A fast parallel implementation of RNN Transducer (Graves 2013 joint network), on both CPU and GPU.
GPU implementation is now available for Graves2012 add network.
Benchmarked on a GeForce GTX 1080 Ti GPU.
T=150, L=40, A=28 | warp-transducer |
---|---|
N=1 | 8.51 ms |
N=16 | 11.43 ms |
N=32 | 12.65 ms |
N=64 | 14.75 ms |
N=128 | 19.48 ms |
T=150, L=20, A=5000 | warp-transducer |
---|---|
N=1 | 4.79 ms |
N=16 | 24.44 ms |
N=32 | 41.38 ms |
N=64 | 80.44 ms |
N=128 | 51.46 ms |
The interface is in include/rnnt.h
. It supports CPU or GPU execution, and you can specify OpenMP parallelism
if running on the CPU, or the CUDA stream if running on the GPU. We took care to ensure that the library does not
preform memory allocation internally, in oder to avoid synchronizations and overheads caused by memory allocation.
Please be carefull if you use the RNNTLoss CPU version, log_softmax should be manually called before the loss function.
(For pytorch binding, this is optionally handled by tensor device.)

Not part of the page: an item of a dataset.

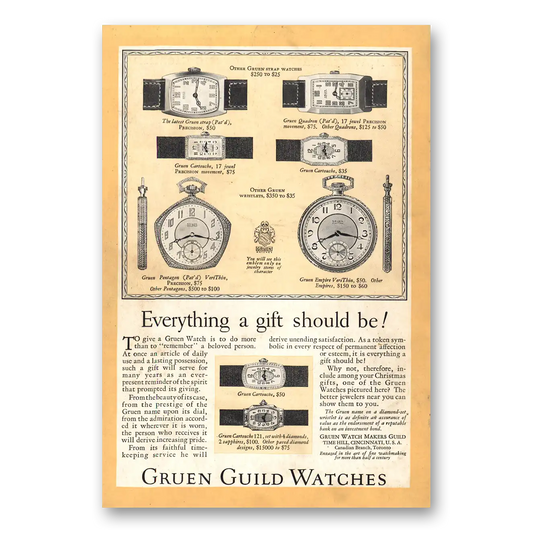 1926 Gruen Watch Guild Watches Everything a Gift Should Be Vintage Magazine Print Ad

warp-transducer has been tested on Ubuntu 16.04 and CentOS 7. Windows is not supported at this time.
First get the code:
git clone https://github.com/HawkAaron/warp-transducer
cd warp-transducer
create a build directory:
mkdir build
cd build
if you have a non standard CUDA install, add -DCUDA_TOOLKIT_ROOT_DIR=/path/to/cuda
option to cmake
so that CMake detects CUDA.
Run cmake and build:
cmake -DCUDA_TOOLKIT_ROOT_DIR=$CUDA_HOME ..
make
if it logs
-- cuda found TRUE
-- Building shared library with no GPU support
please run rm CMakeCache.txt
and cmake again.
The C library should now be built along with test executables. If CUDA was detected, then test_gpu
will be built;
test_cpu
will always be built.
To run the tests, make sure the CUDA libraries are in LD_LIBRARY_PATH
(DYLD_LIBRARY_PATH for OSX).
We welcome improvements from the community, please feel free to submit pull requests.